The Mexican Revolution began November 20th, 1910. It is disputable that it extended up to two decades and seized more than 900,000 lives. This revolution, however, also ended dictatorship in Mexico and restored the rights of farm workers, or peons, and its citizens. Revolutions are often started because a large group of individuals want to see a change. These beings decided to be the change that they wanted to see and risked many things, including their lives. Francisco “Pancho” Villa and Emiliano Zapata are the main revolutionaries remembered. These figures of the revolution took on the responsibility that came with the title. Their main goal was to regain the rights the people deserved. The peons believed that they deserved the land that they labored on. These workers rose up in a vehement conflict against those opposing and oppressing them. The United States was also significantly affected by this war because anybody who did not want to fight left the country and migrated north. While the end of the revolution may be considered to be in the year of 1917 with the draft of a new constitution, the fighting did not culminate until the 1930’s.
Leading Up to the Revolt
As with many a war, there is a problem with no real solution in sight. This leads the citizens of that nation to cause a war. According to PBS, land was allocated from the people of Mexico and was given to the wealthier landowners, additionally no Mexican was able to own land without the proper legal documents. The Mexican Revolution started in 1910 when citizens began to doubt their dictator, Porfirio Díaz. In 1908 he stated in an interview that by the year 1910, the people could expect a clean election. Therefore Francisco I. Madero, a rich landowner, gathered a small grouping of individuals to support him politically in the upcoming election. Eventually, that group grew into a large following. Díaz, afraid of losing his presidency, rigged the election and had Madero arrested. After his release, he fled to the United States and planned a revolt for November 20th, 1910. While this revolt did fail, it inspired many people who were tired of being dictated to join in a revolution.
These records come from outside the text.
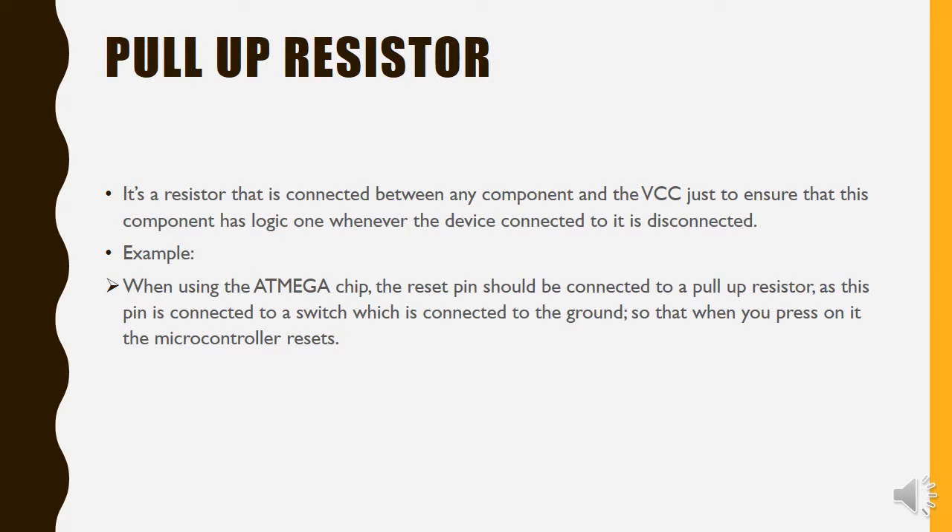In the ATMega chip we have the reset pin, and the reset pin is wired to a pull-up resistor — it's usually a 10K resistor. At the same time it's connected to a switch which is connected to the ground. So whenever the switch is pressed, the microcontroller resets.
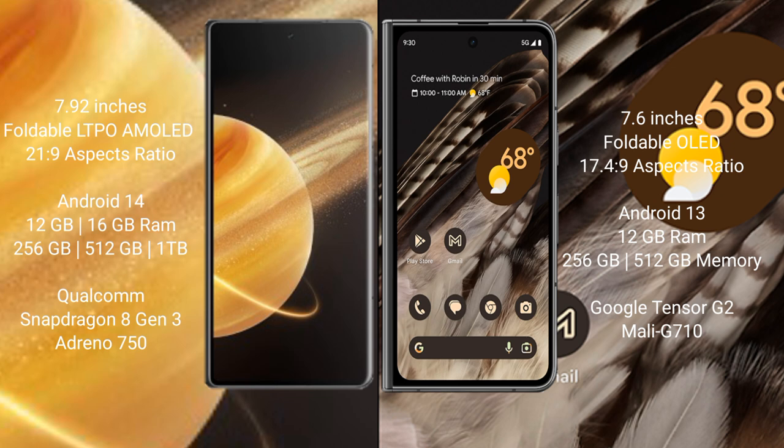The Honor Magic V3 runs on the Android 14 operating system, while the Google Pixel Fold runs on the Android 13 operating system.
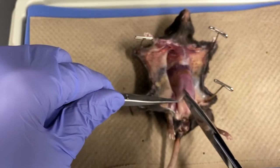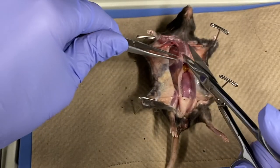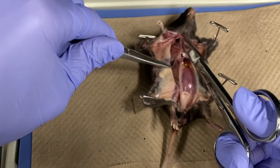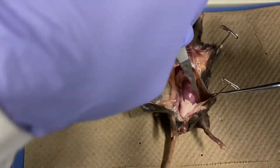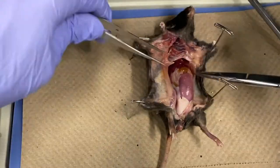Cut the muscular abdominal wall along the midline, just above the genital opening, and continue towards the head. This will allow you to see the organs of the abdominal cavity. Using forceps and a probe, as well as scissors if necessary, peel back the abdominal wall to separate it from the abdominal cavity.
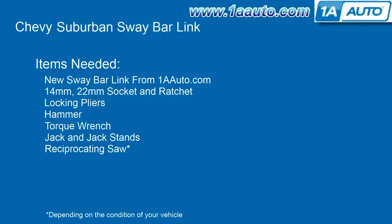The items you'll need for this are a new sway bar link from 1AAuto.com, a 14 and 22 millimeter socket and ratchet, locking pliers, a hammer, and a reciprocating saw depending on the condition of your vehicle.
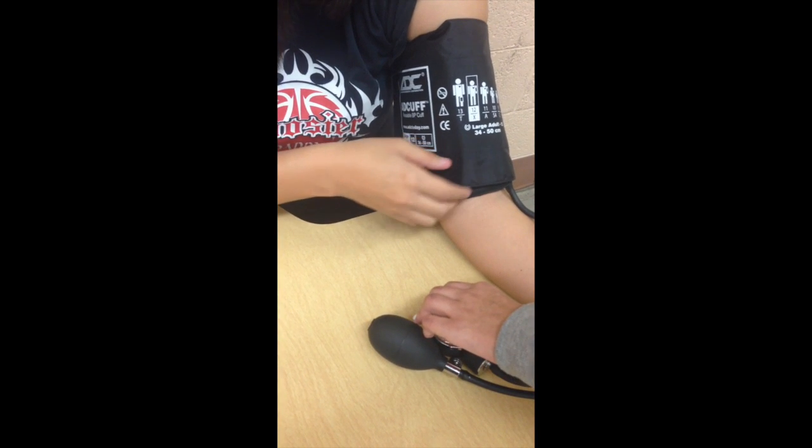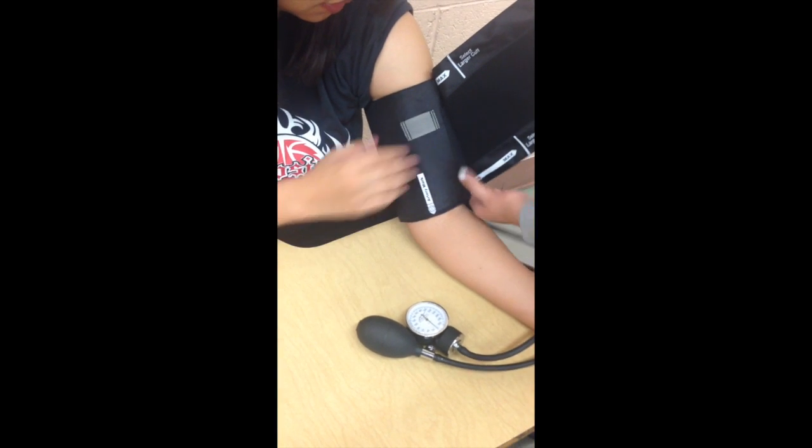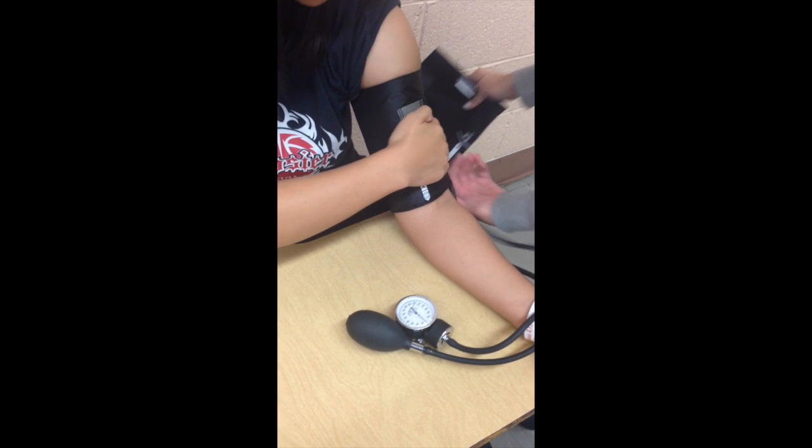It is also very important to make sure that the cuff is wrapped tight enough around the patient's arm. If it is not, you can easily adjust it to where it is comfortable.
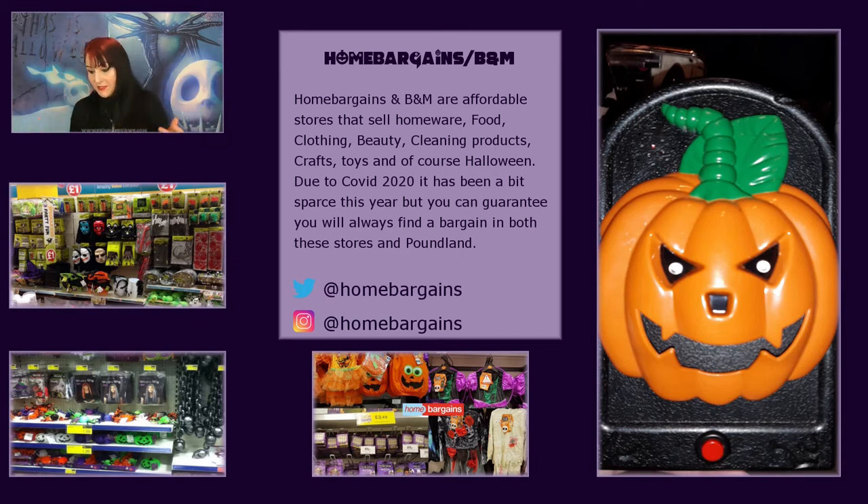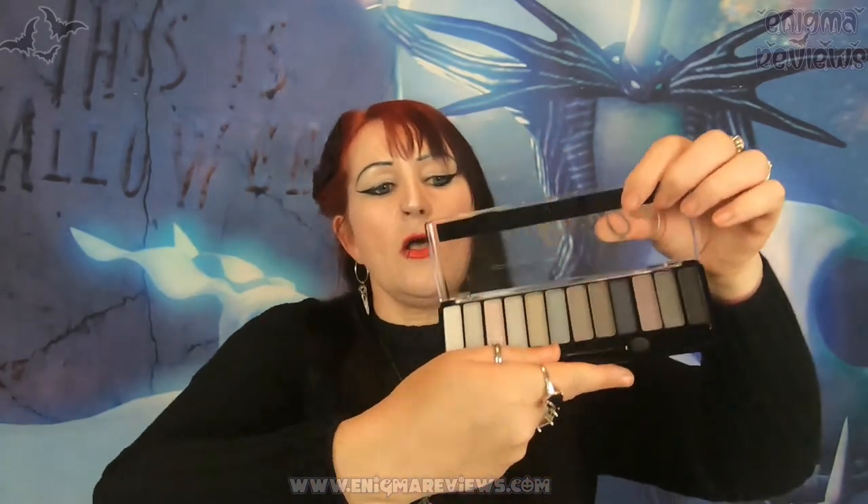I don't feature makeup much on my channel unless it's gothic, and I thought this was a gothic-looking palette. I was after this about six months ago and it was £6.99 — it's come down to £1.99. It's the Rita Ora Rimmel Smoke Edition and if you look closely it's all grays and dark blues. £1.99 at B&M — they had another colour as well at the same price.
Soon after this failed revolt, groups began to form in hopes to successfully remove Diaz. In Northern Mexico, Francisco Villa returned and gathered an army of Mexican cowboys. Another army was led by a peasant unsatisfied with the government with the name of Pascual Orozco. One of the bigger groups consisted of Emiliano Zapata and they were called the Zapatistas. This force grew to include over 5,000 men. In 1911 these groups worked together to overrun Díaz. Zapata seized the town of Cuautla, and afterwards cut off the town from Mexico City. Díaz started to realize what was happening and fled to Europe. This victory would start of a new conflict beginning.
The New Conflict
Soon after the victory Francisco Madero was declared as the new president. Madero tried to please everybody which led...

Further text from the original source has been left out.